In Current Archeology 412 [June/July 2024] – see https://www.archaeology.co.uk … we learn that Woodhenge was built at the same time as Stonehenge – on the changes made to the latter around 2500BC. I suppose that is per IntCal dating rather than a calibrated date using only C14 and tree rings. In the late 20th century Woodhenge was dated around 2300BC – prior to IntCal methodology. Woodhenge, like Stonehenge at the same time, involved two phases – or changes. The timber rings, for example, were erected 150 to 200 years prior to the henge itself. Woodhenge also lies along an identical solstitial axis to Stonehenge. Presumably midsummer – a few days adrift from the June Taurids. It seems people were using the solstices, undefined, as a sight line at a number of monuments around Stonehenge. See Historic England’s ‘Stonehenge: Sighting the Sun‘, Liverpool University Press: May of 2024.

The same issue also has an article by Chris Catling, ‘Rolling Stone‘, on a walk by Keith Ray of Cardiff University, from a quarry in Preseli in western Wales to Stonehenge. It seems the idea of erratics is not popular with archeologists as wherever they might have been moved by ice and glaciation it would not have been anywhere close to Salisbury Plain. That is the thinking, as laid out in Mike Parker Pearson’s book, ‘Stonehenge‘ [2013]. On the other hand, we have knowledge of big stones being moved by people in various lands around the globe. Parker Pearson had experience of this in Madagascar but we also have it on film footage taken by an anthropologist in the 20th century. People in the Naga Hills of Burma moved stones up to 12 tonnes in weight with no physical bother. Similar first hand experience of this in Indonesia is also cited by Catling.

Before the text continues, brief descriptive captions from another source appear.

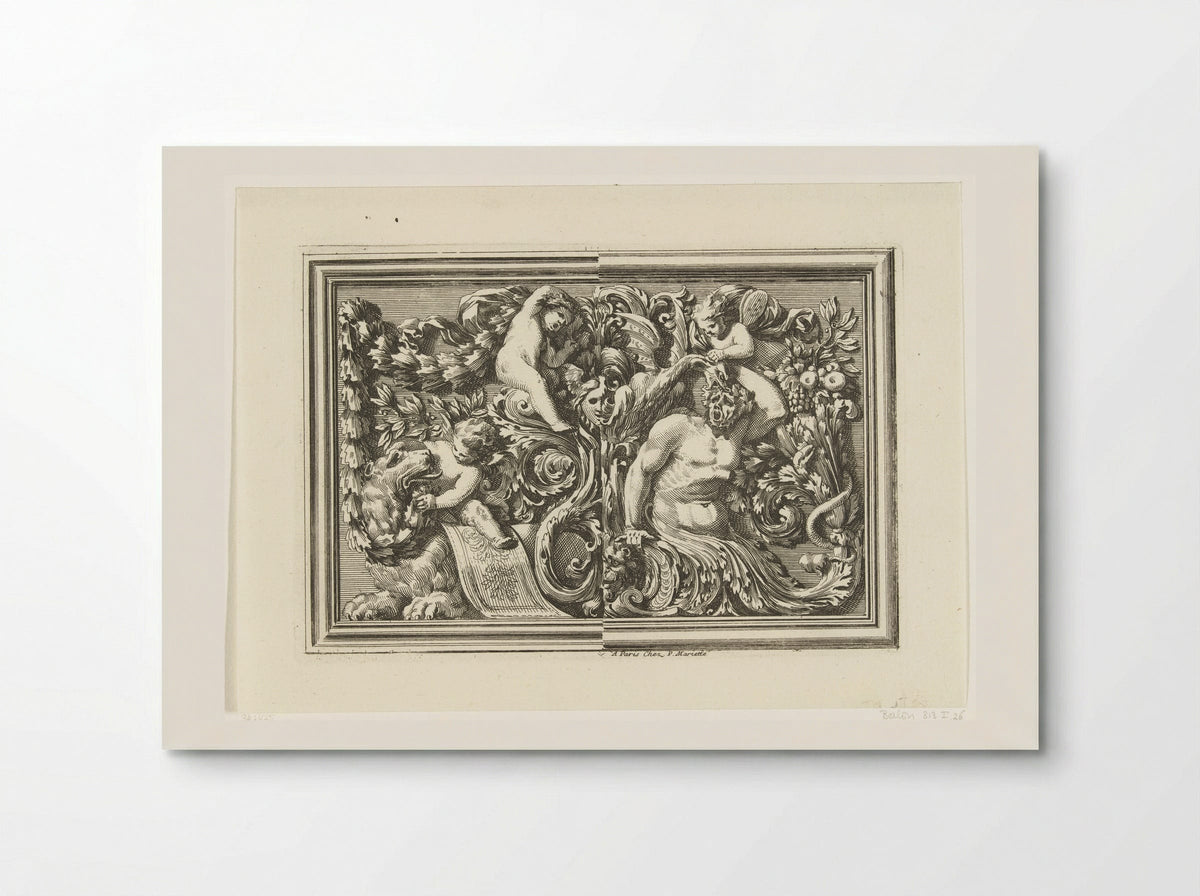Paneel met links twee putti en een leeuw - Jean Lepautre - Poster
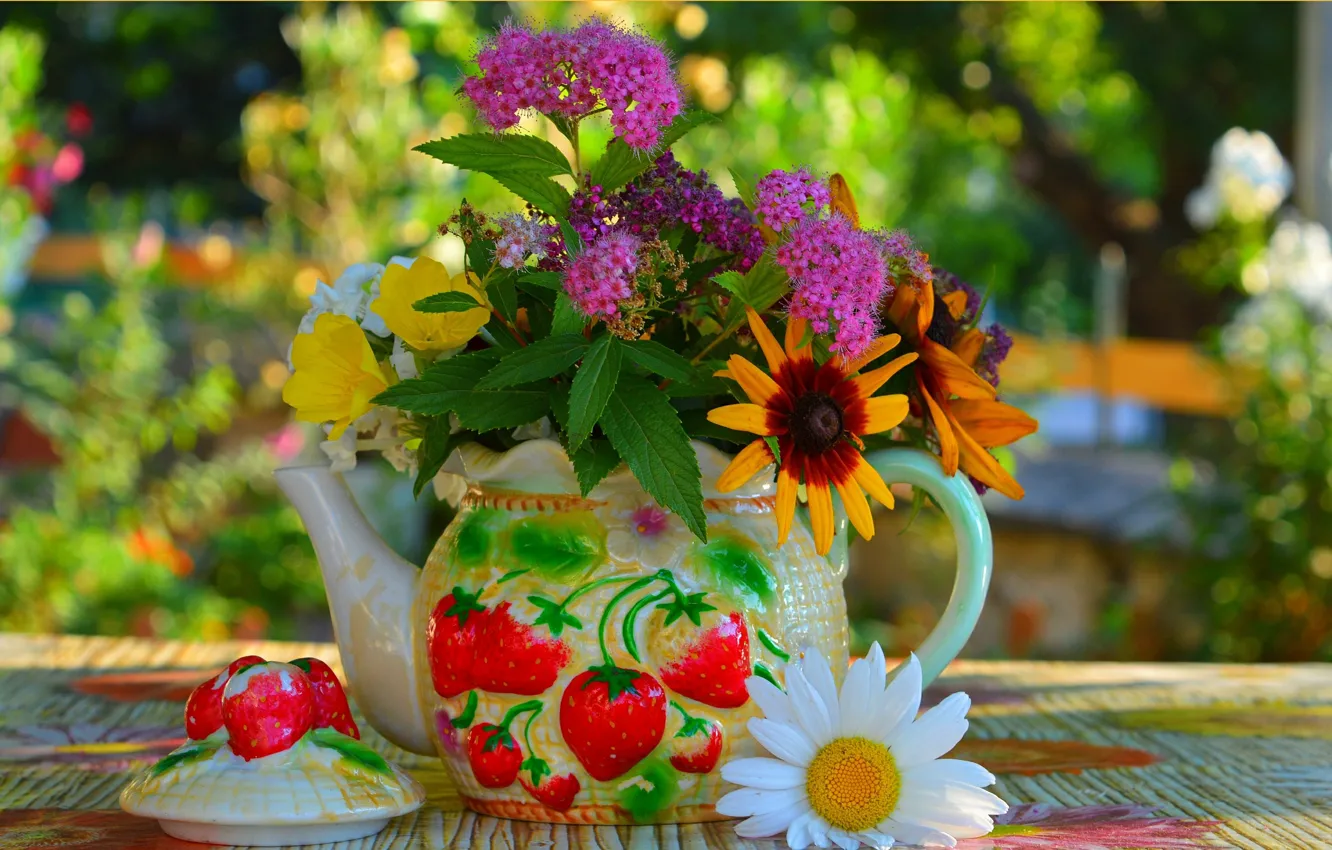 Фото обои Цветы, Букет, Flowers, Colors, Bouquet, Чайник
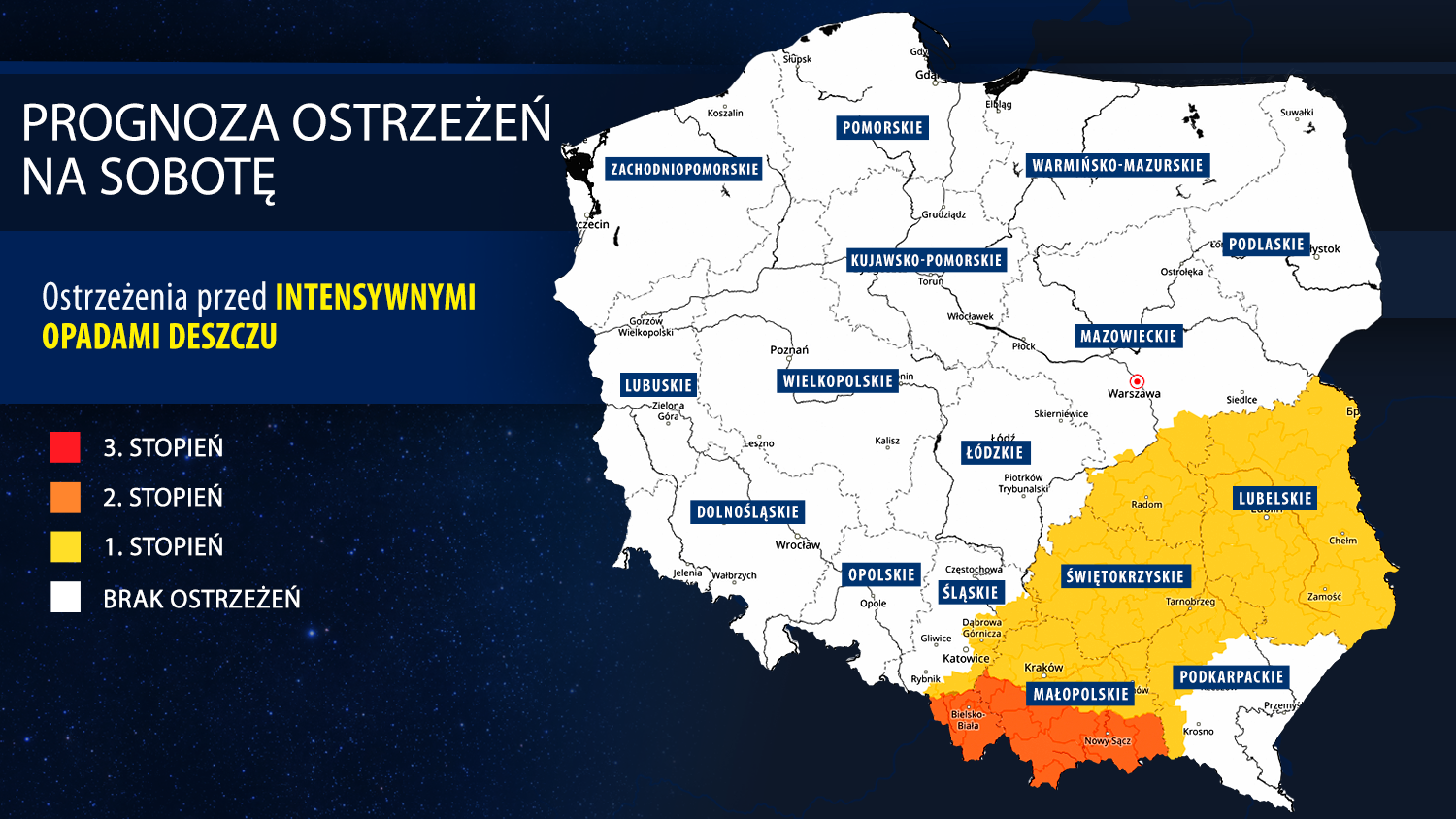 Prognoza zagrożeń IMGW na sobotę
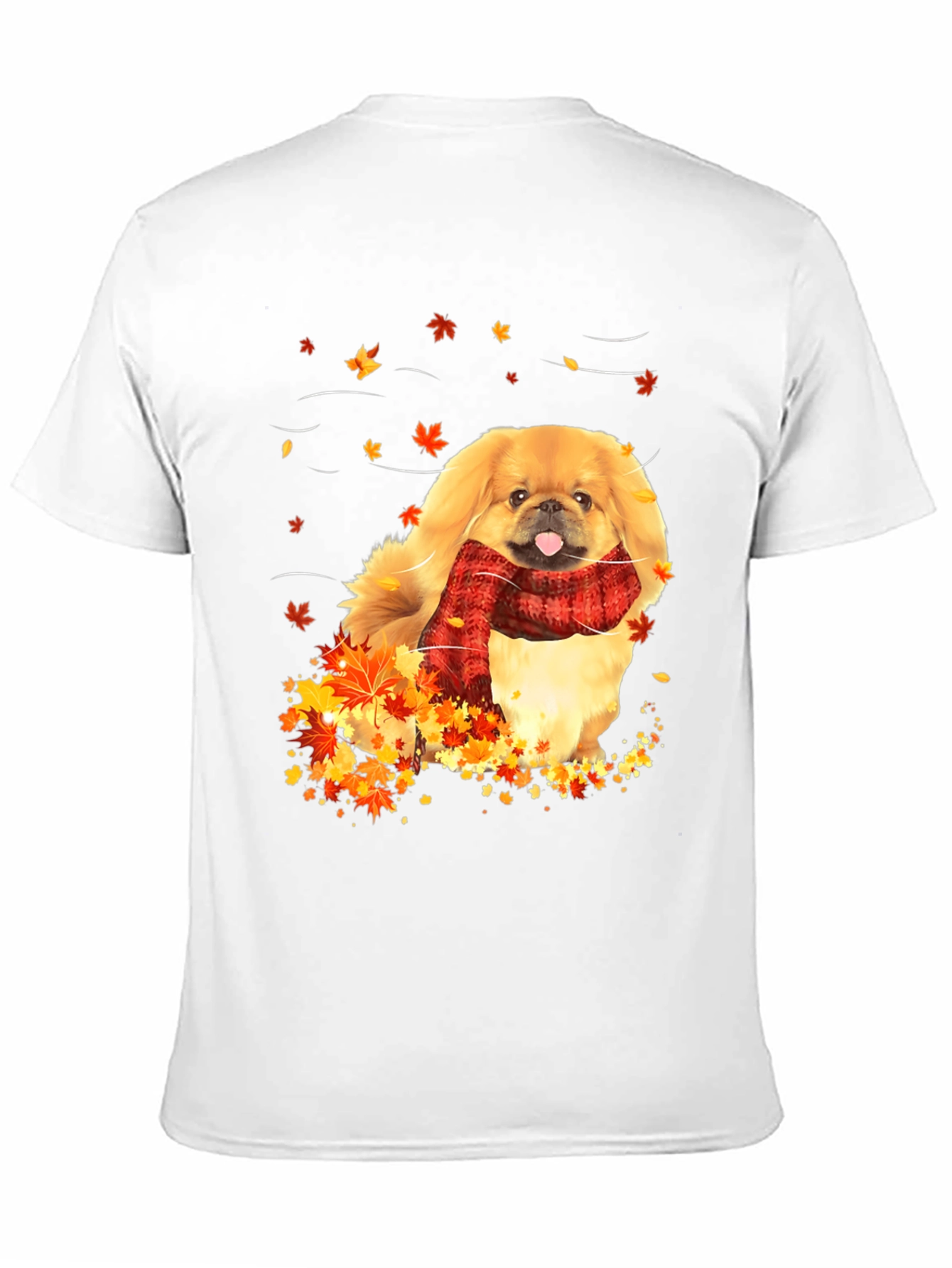Autumn Dog T-Shirt - Cozy Scarf Fall Leaves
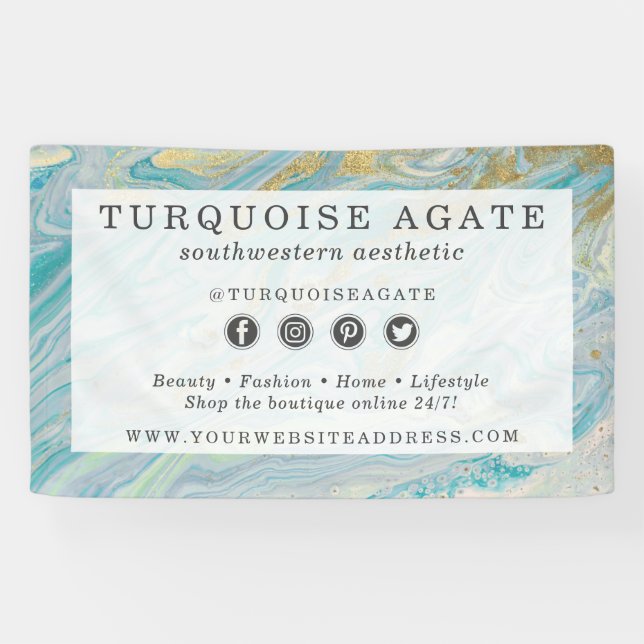 Lona Turquoise & Gold Agate Geode Marble Swirl (Horizontal)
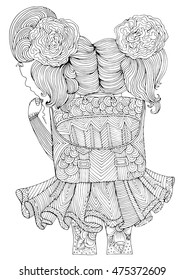 Vector little schoolgirl with a large schoolbag and a balloon in her hand goes to school. Back to School. Pattern for coloring book A4 size. Coloring book for adults. Zentangle drawing. 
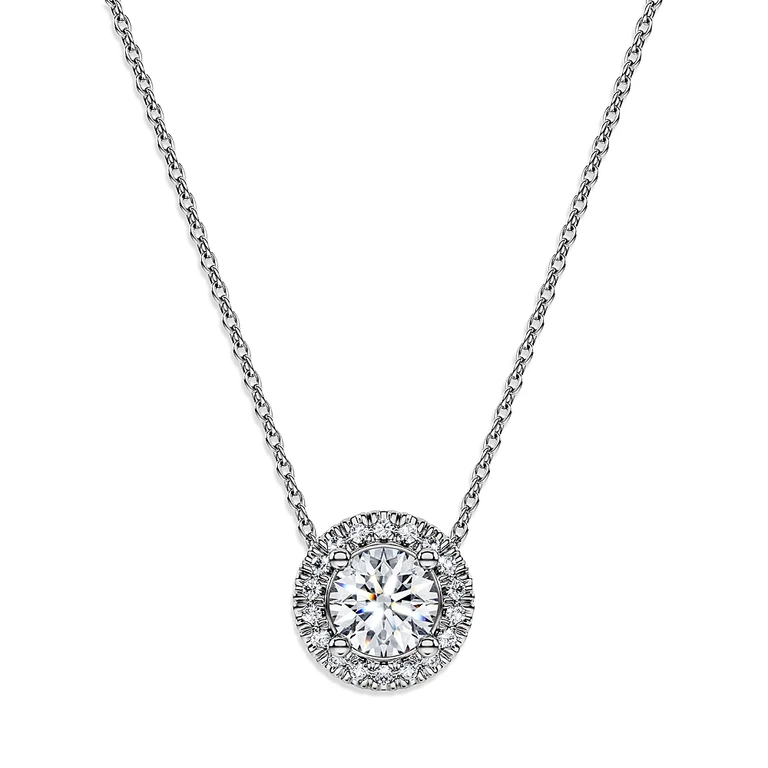 Swarovski Eternity Certified Lab Grown Diamond Halo Pendant Necklace, 16.12-18.12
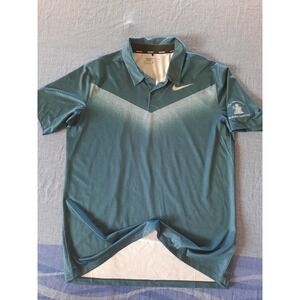 Nike Golf Men Dri-FIT Polo Large Mesh Heather Teal Green Broken Sound Club  SEE
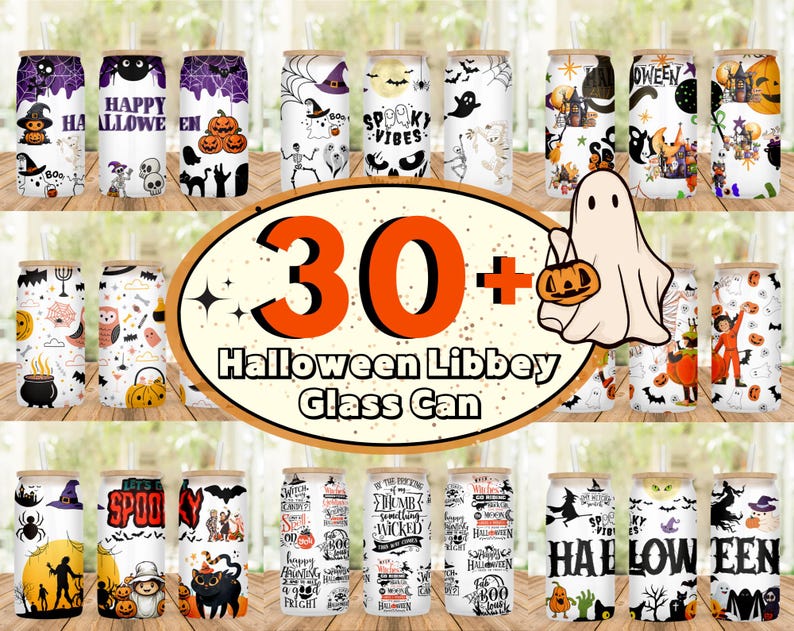 Peut inclure: Une collection de plus de 30 designs de canettes en verre sur le th&egrave;me d'Halloween. Les designs pr&eacute;sentent divers symboles d'Halloween, notamment des fant&ocirc;mes, des citrouilles, des chauves-souris, des araign&eacute;es et des sorci&egrave;res. Le texte "30+ Halloween Libbey Glass Can" est affich&eacute; au centre de l'image.
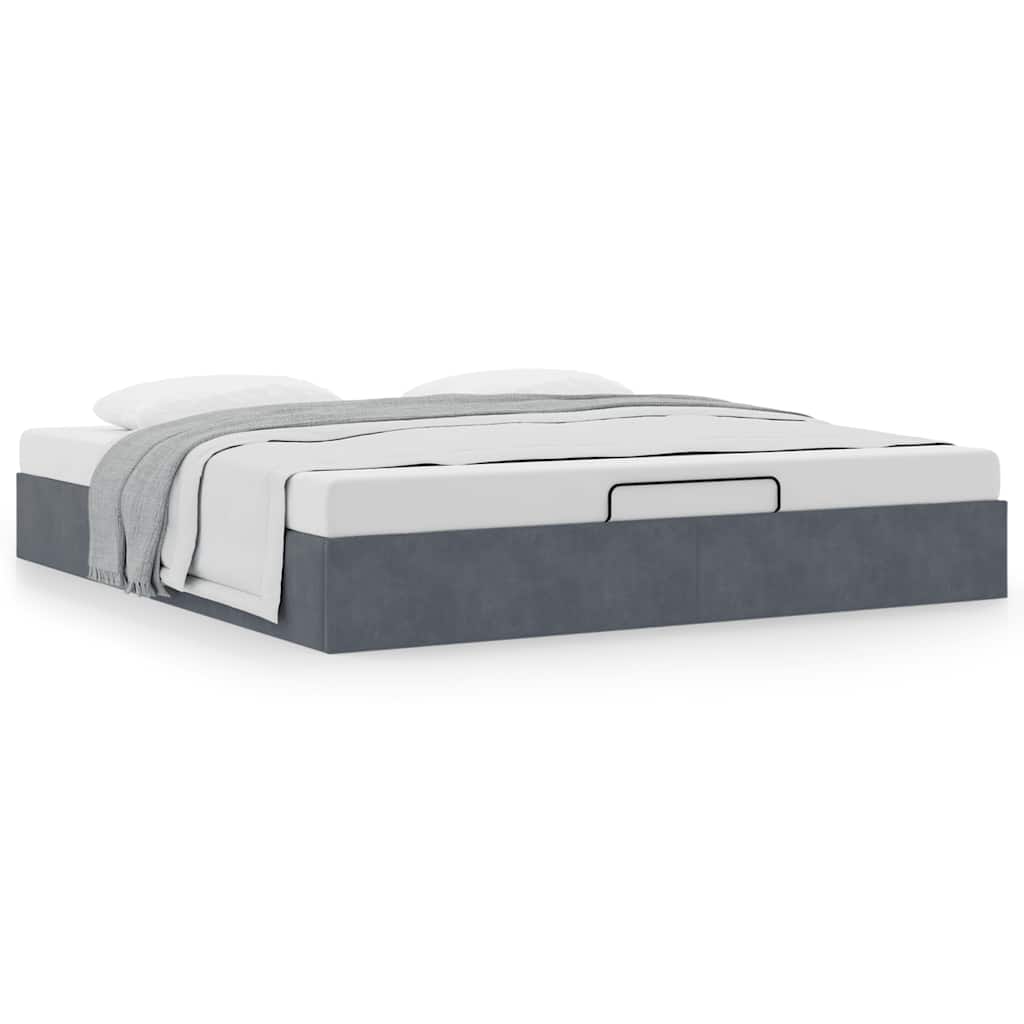 Ottoman-Bett ohne Matratze Dunkelgrau 160x200 cm Samt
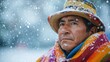 © Zaidi - Bolivian Man in Traditional Attire Against Snowy Background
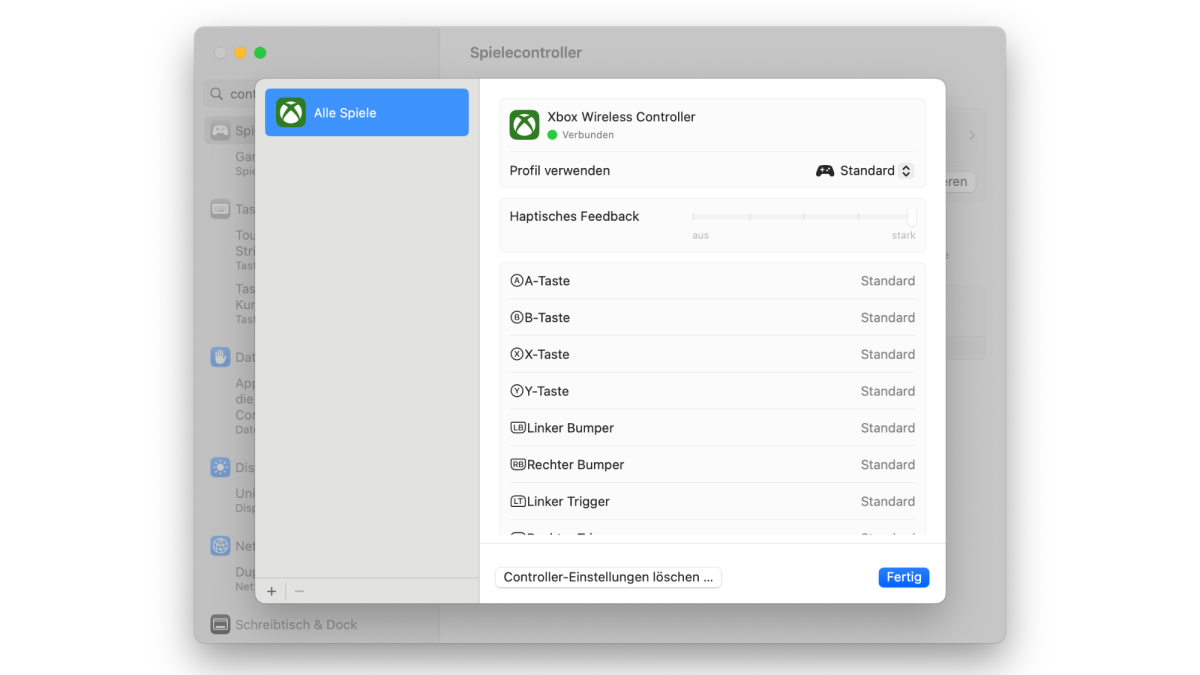 Controller-Einstellungen für den Xbox Wireless Controller auf macOS Ventura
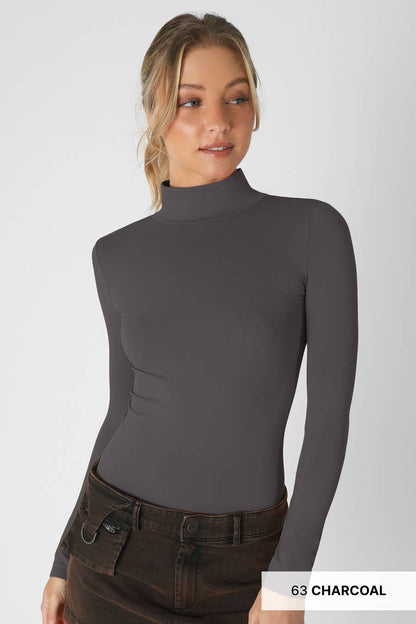 Long Sleeve Mock Neck Top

I was especially intrigued by the route way chosen by Keith Ray. He  had obviously thought long and hard about it as he chose a route, or a series of paths, that passed Neolithic sites such as causewayed enclosures and long barrows. These would have been waymarkers on the landscape. After all, there were no sign posts in those days. Catling even mentions nodes in the landscape. The meeting points of two or more paths. The crossing point of the River Severn, which would have presented a problem for people dragging blue stones, even on a sled, was chosen as Ashleworth. Here the river narrows and is quite shallow. It was a crossing point that much more recently was used by Welsh drovers moving herds of cattle from Wales to royal  estates in England, in the late medieval period, and later, to the cattle markets in and around London. Such as Barnet Fair. Much of the chosen route was along what are now called holloways – paths with high banks where the path itself has been worn down by many feet, human and cattle, or sheep. Catling is also aware that many of our modern roads were formerly paths and routes from much earlier periods. Obviously, Keith Ray would have avoided walking along roads and picked out the pathways that still exist independently of the road system. Many of these routes are waymarked by bronze age barrows – but this was after the Stonehenge bluestone journey, indicating they remained in use for a long time.